Include explicit language that supports independent contractor classification:

  • Contractor sets own hours, methods and location of work.
  • Contractor uses own equipment and tools.
  • Contractor may engage other clients.
  • Contractor is not entitled to employee benefits.
  • Contractor is responsible for own income tax, GST and statutory contributions in India.
  • No supervision or control by the Company over the manner of work.
  • Compensation per deliverable / hour, not monthly retainer at the same amount.

These clauses alone don't immunise misclassification (Indian regulators look at substance), but they document intent and create a defensible record if challenged.

Governing law choice

  • Delaware / New York / London — standard for international contracts; enforceable in India via the Arbitration and Conciliation Act.
  • Indian governing law — works fine; contractor may prefer it; some foreign companies prefer it to keep things simple.
  • Dispute resolution — international arbitration (SIAC, ICC, LCIA) or local courts. Arbitration is cleaner internationally.
  • Indian arbitration enforceable abroad under the New York Convention (India is a signatory).

What to avoid

  • Employee-style language ('annual review', 'salary', 'on standby').
  • Open-ended engagement without renewal mechanism (looks like employment by year 2).
  • Monthly fixed payment at the same amount month after month — invoice-based variable amount is safer.
  • Mandatory daily / weekly availability requirements (suggest control over work).
  • Performance reviews, ratings, scorecards (suggest employee management).

Frequently asked questions

Does the contractor need a lawyer to review the agreement?+

For meaningful engagements (above ₹10L annual fees), advisable. Indian contractors increasingly have counsel review foreign-client agreements.

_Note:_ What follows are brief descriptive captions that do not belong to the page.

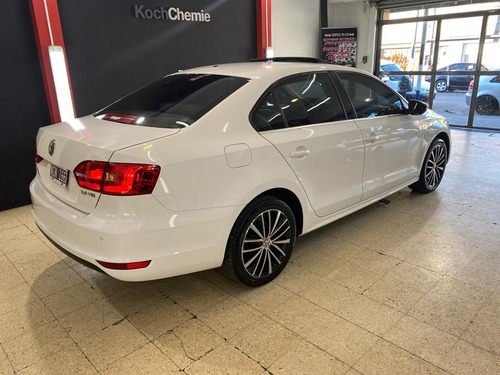 Volkswagen Vento 2.0 Sportline Tsi 200cv Bi-xenon 2013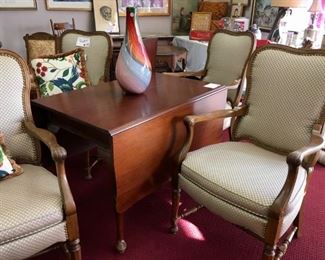 Beautifully upholstered arm chairs, set of 4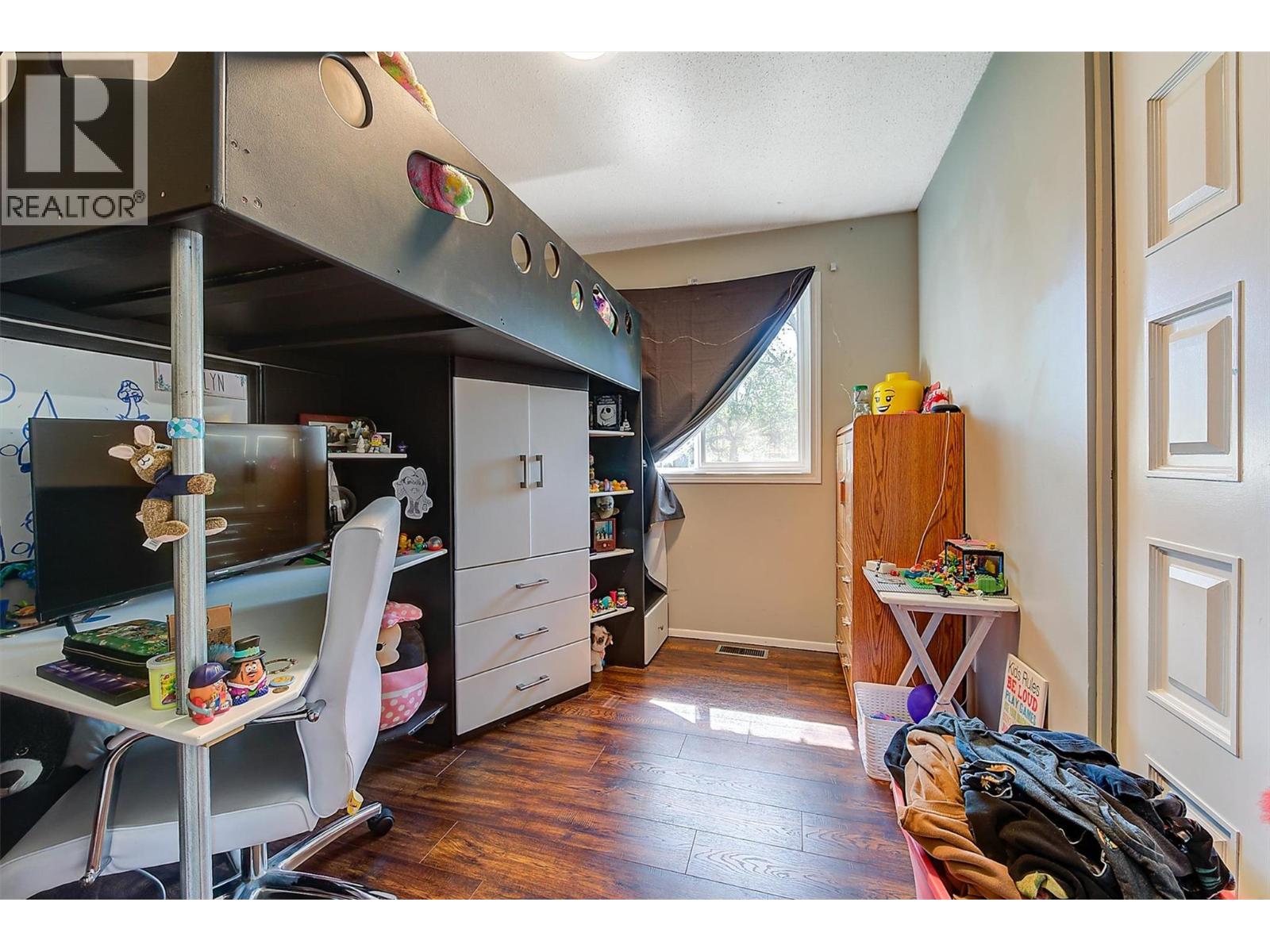  280 HOLBROOK Road West, Kelowna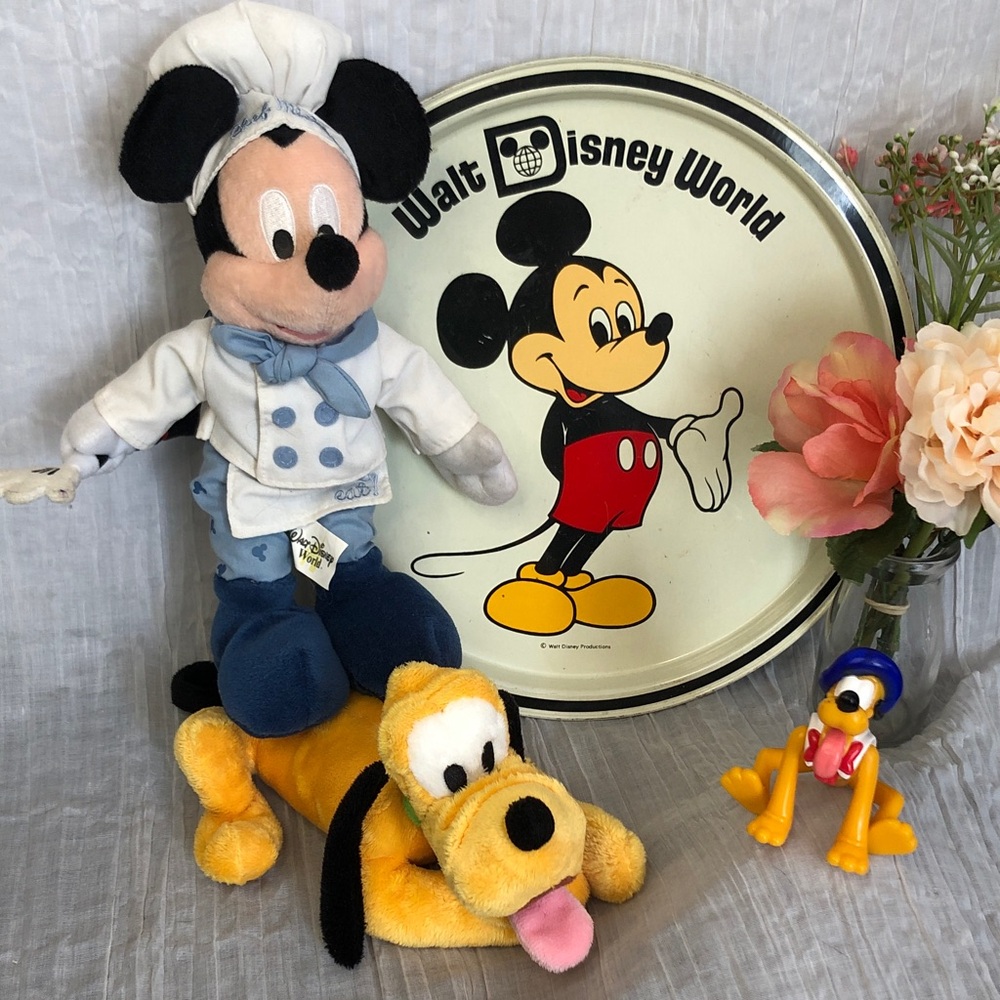 DISNEY Chef Mickey & Pluto lot w/ vintage metal serving decor tray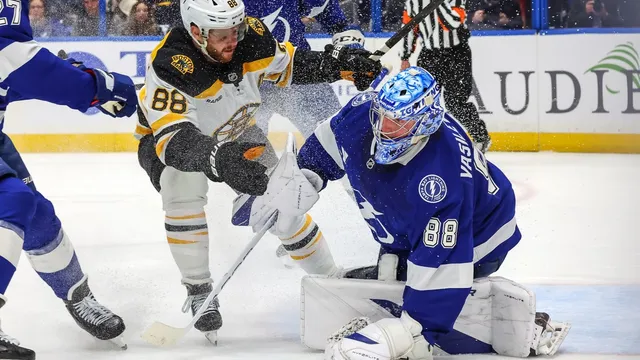 Tampa Bay Lightning seek to extend their victory streak at home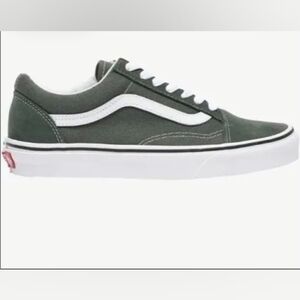 NWOB Vans Classic Old Skool Shoes Size 6 Mens Size 7.5 Women
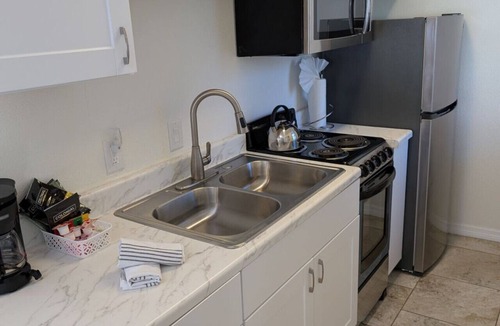 Siesta Key Hotel | #2-Studio-Beautiful,Clean King Suite,Kitchenette,Heated Pool,3-min Walk to Beach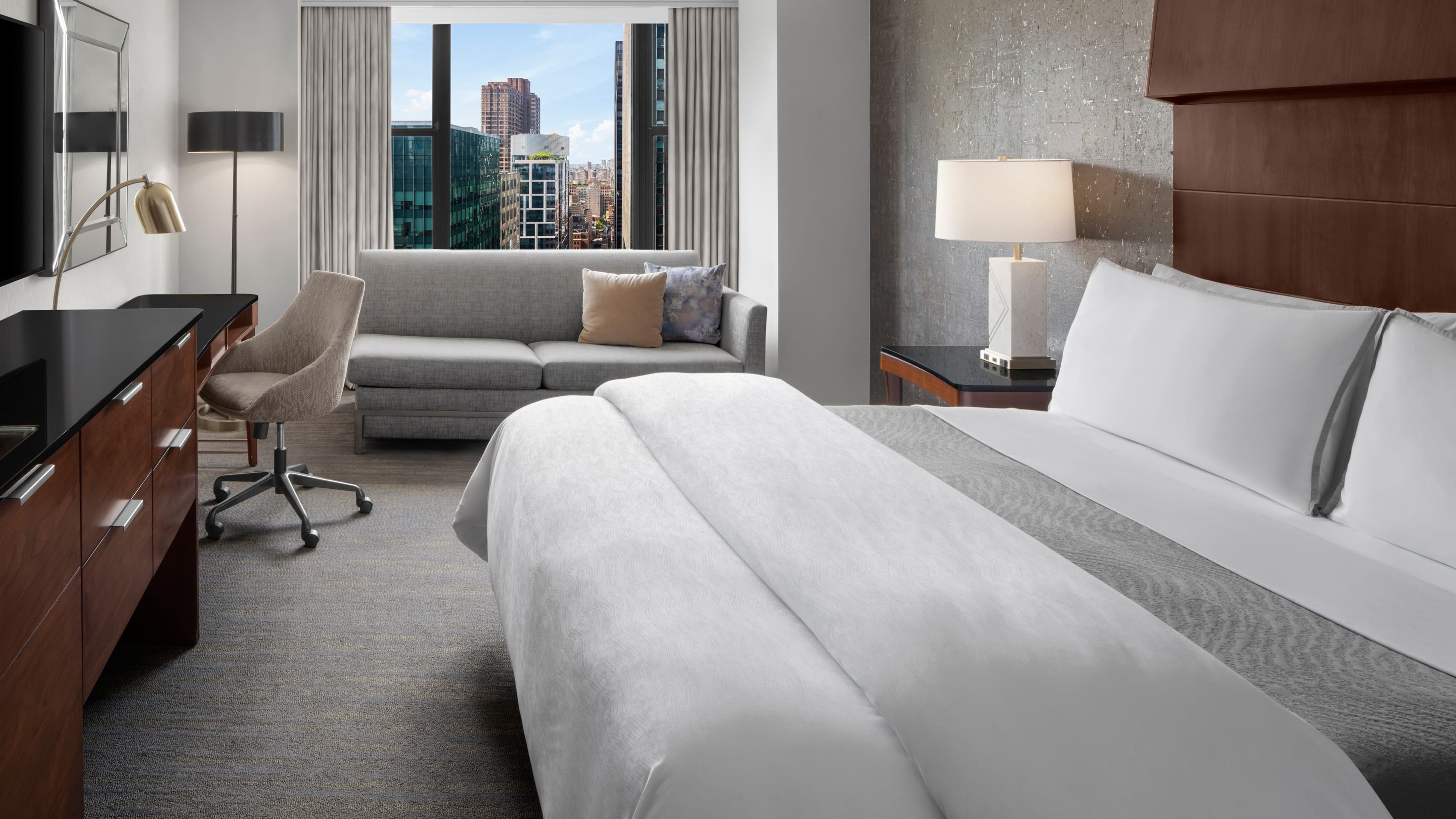 Traditional King - Image 1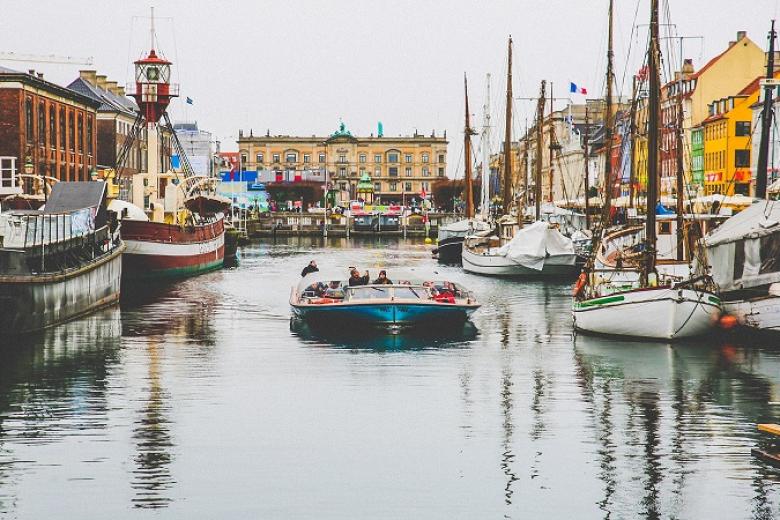 Du thuyền kênh đào Nyhavn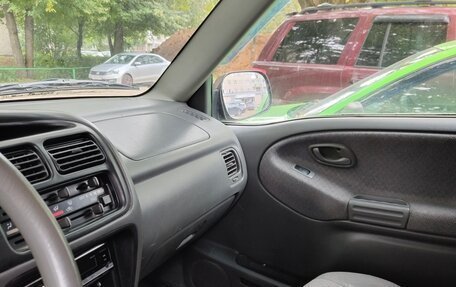 Chevrolet Tracker II, 2000 год, 240 000 рублей, 8 фотография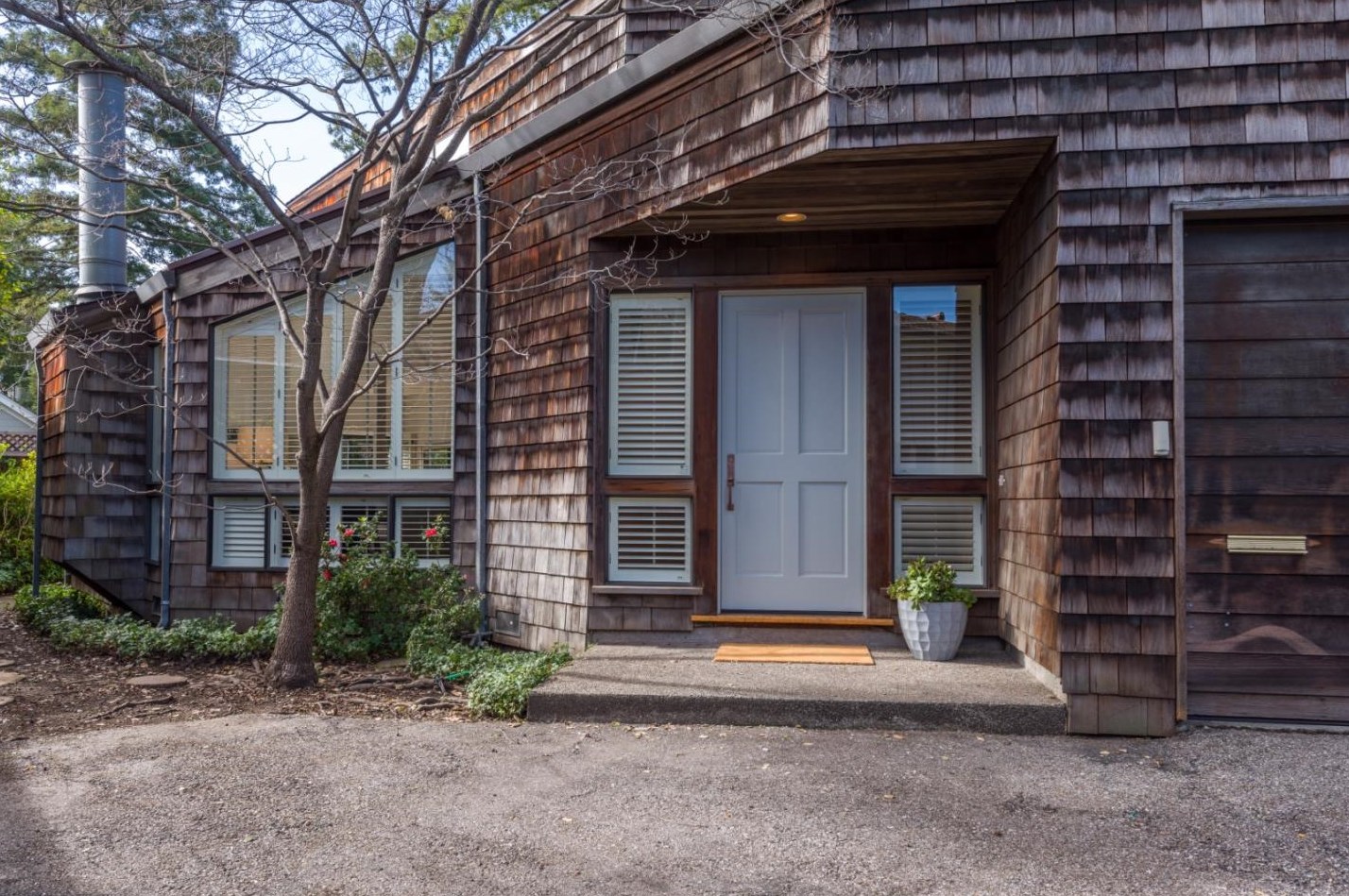 1319 Laurel St, Menlo Park, CA 94025-3205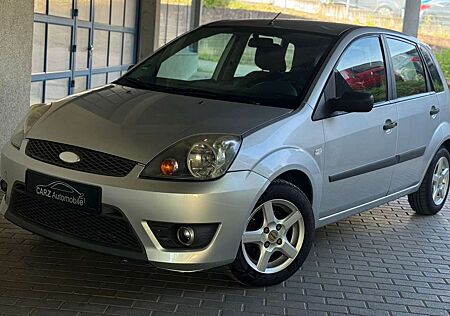 Ford Fiesta ** Tüv Neu **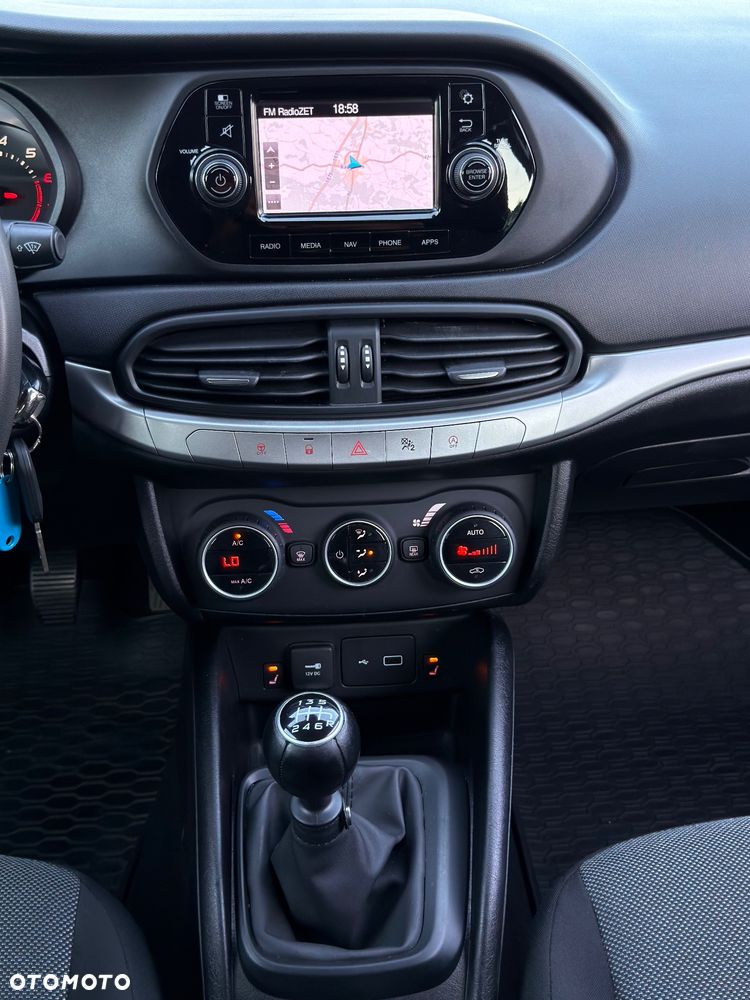 Fiat Tipo 1.4 16v Easy EU6d - 22
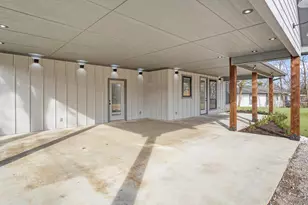 510 W Bells Blvd, Bells, TX 75414 - Photo 8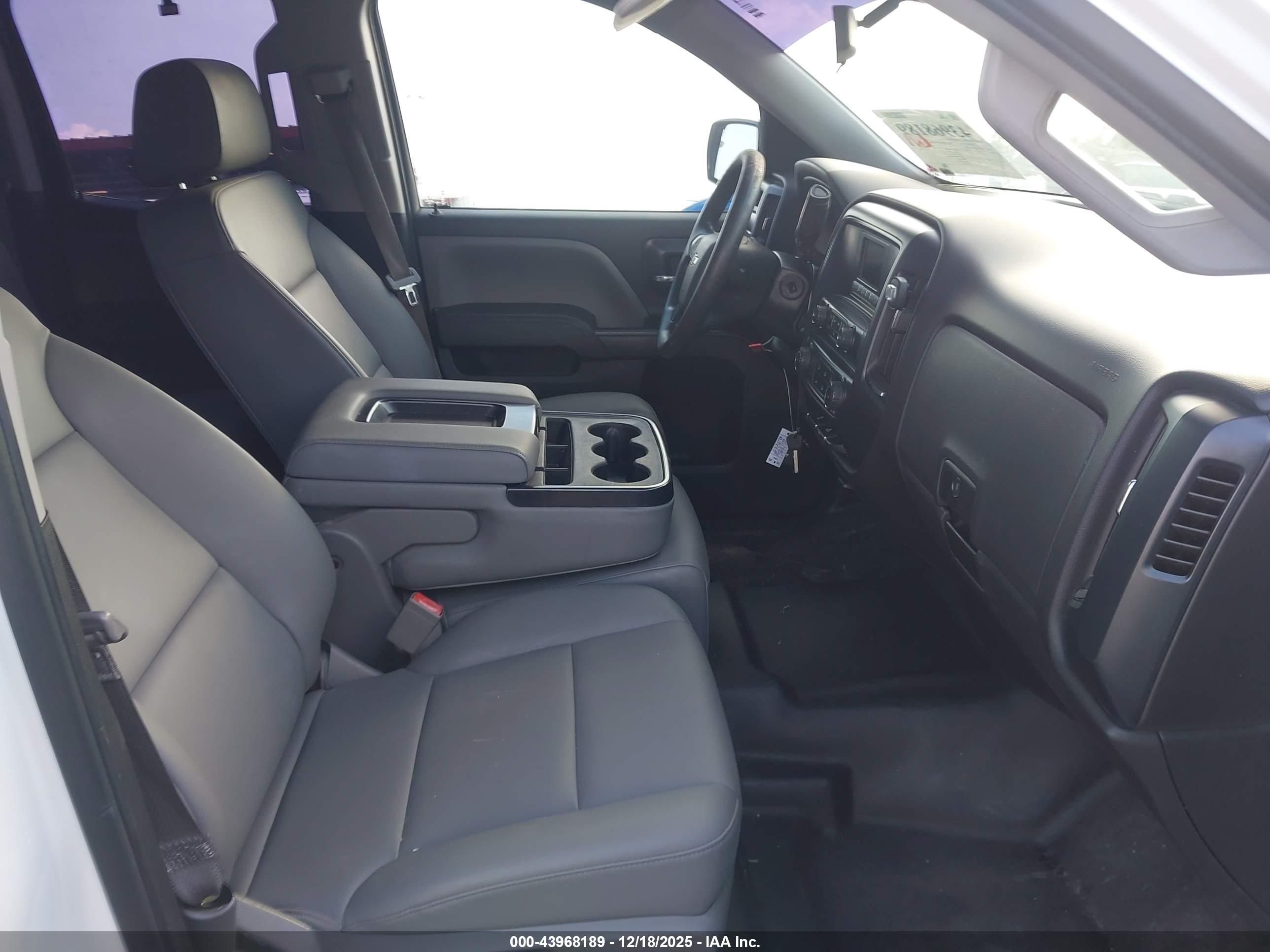 CHEVROLET SILVERADO image 5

Can we use the same template for all contractors?+

Base template yes; calibrate by engagement type (development vs advisory) and value.

Is electronic signature valid in India?+

Yes — under the Information Technology Act 2000, electronic signatures (Aadhaar-based, DSC, or notarised digital signatures) are valid. DocuSign / Adobe Sign accepted.

Should the contractor's company sign or the individual?+

If the contractor operates through their own company (Pvt Ltd, LLP, proprietorship), the company signs. If they operate as individual, they sign personally. Either works.